Turning lighting into geometry is challenging, but it could be done with an understanding of the Xbox
hardware, and it totally paid off. They ended up getting crisp shadows, shootable light bulbs,
and scenes that reacted to the players in real time. The line between engine design is,
and game design was blurring together.
Anyway, this was fab.
We were having a whale of a time.
We learned so much about how big, big, big C++ projects end up looking because we were
writing one.
But then a spanner came or a wrench, depending on your side of the Atlantic, in the works, and
said, well, this Xbox exclusive title, Xbox, eh, not doing so well.
It's looking like a Dreamcast all over again.

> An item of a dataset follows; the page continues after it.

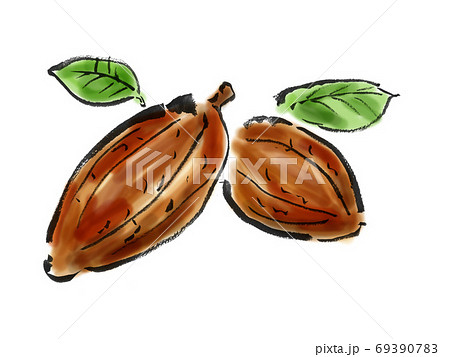 茶色いカカオの実のイラスト　手描きの植物イラスト素材 69390783
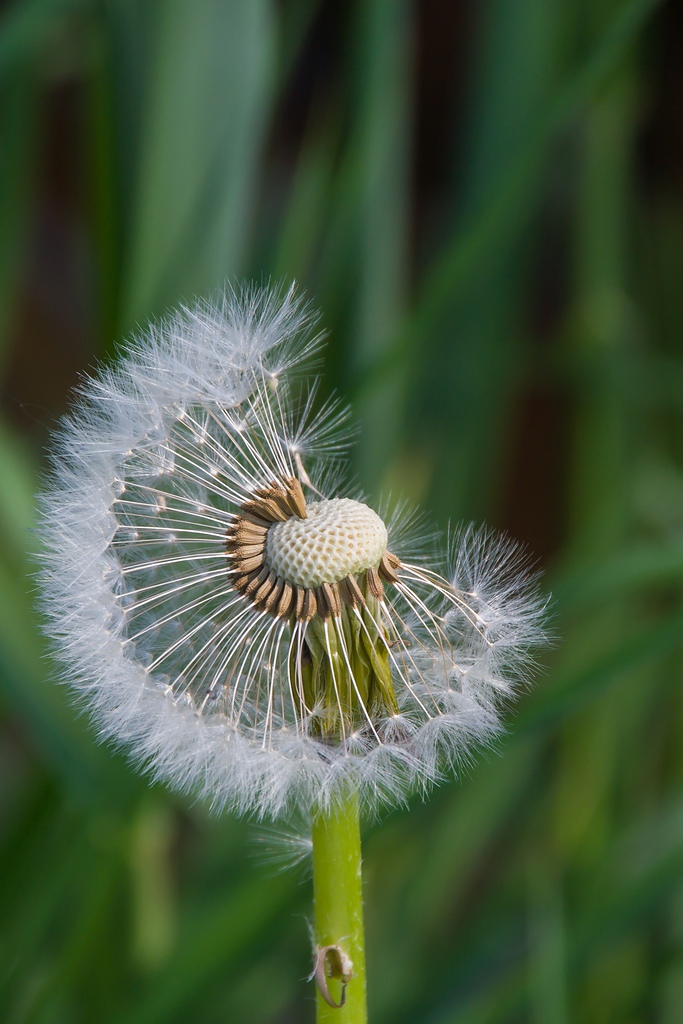20140425 0926 [NIKON 1 V3] 100 mm,1 200 Sek. bei ƒ   6,3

we should probably also do this for PlayStation 2.
And that was when the bottom fell out of our world
because we're like, but all of these tricks that we're doing
aren't really PlayStation E.
The PlayStation 2 was powerful, but it was super low level.
Developers had to juggle these DMA engines
and vector units manually with little support
for the type of per pixel effects that the Xbox could do.
The Xbox GPU could handle all the fancy lighting out of the box.
it had these shaders, but the PS2, you could push pixels fast, but it lacked the shaders.
But we were able to get the same lighting system in, which is like a really difficult thing.
We were able to come up with a way of remapping the 3D texture into 2D dynamically
so that we could get the same kind of light fall off.
And then the blending, oh, so the blending was a real trick.
we essentially lie to the hardware and say,
hey, you see this screen over here,
you think it's the screen, right?
We've just drawn all these lights to it.
But actually, it's not a 32-bit per-pixel screen
like you thought it was.
We're just going to tell you that it's an 8-bit-per-pixel alpha image, right?
So you're basically telling it it's the wrong format.
Now, because of some really strange hardware characteristics
and for convenience of being able to, when it's in 32-bit mode,
write out red, green and blue to separate RAM chips in the system so that that blending was fast
so that it could effectively be reading and writing red and green and blue in parallel.
They're in literal physical different chips.
When you changed it from one way to the other, you suddenly became exposed to that.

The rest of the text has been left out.